Famous Authors Sue Microsoft Over AI Training Using Their Books

A coalition of authors has accused Microsoft of utilizing nearly 200,000 pirated copies to develop an artificial intelligence model. This accusation adds to the ongoing legal struggles surrounding copyright issues between creative professionals and tech companies.

Kai Bird, Jia Tolentino, Daniel Okrent, and others argue that Microsoft intends to use a well-known digital version of their book to train Megatron AI for generating responses to user queries.

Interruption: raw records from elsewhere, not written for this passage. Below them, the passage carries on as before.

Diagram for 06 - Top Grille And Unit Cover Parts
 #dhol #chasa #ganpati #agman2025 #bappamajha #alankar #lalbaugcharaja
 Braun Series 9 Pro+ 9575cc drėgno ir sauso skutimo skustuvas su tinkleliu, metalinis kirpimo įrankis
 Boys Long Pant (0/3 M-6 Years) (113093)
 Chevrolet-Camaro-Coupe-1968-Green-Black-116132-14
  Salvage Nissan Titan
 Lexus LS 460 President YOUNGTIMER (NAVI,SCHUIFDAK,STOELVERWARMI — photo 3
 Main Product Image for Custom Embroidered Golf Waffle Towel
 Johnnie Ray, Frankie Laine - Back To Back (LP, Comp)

Their lawsuit, filed in federal court in New York on Tuesday, is among several crucial cases initiated by authors, news outlets, and other copyright holders against tech firms regarding alleged misuse in AI training.

The authors are seeking a court order to prohibit statutory damages of up to $150,000 for each work that Microsoft is accused of misusing.

Generative AI products like Megatron can produce text, music, images, and videos based on user input. To develop these models, software engineers gather expansive databases of media and train AI to produce similar outputs.

The authors claim that Microsoft has utilized a trove of nearly 200,000 pirated books for training Megatron, which generates text responses to prompts. The complaint states that Microsoft employed these pirated datasets to “build not only computer models from the works of numerous creators and authors but also to produce a variety of representations replicating the syntax, sound, and themes of the copyrighted works.”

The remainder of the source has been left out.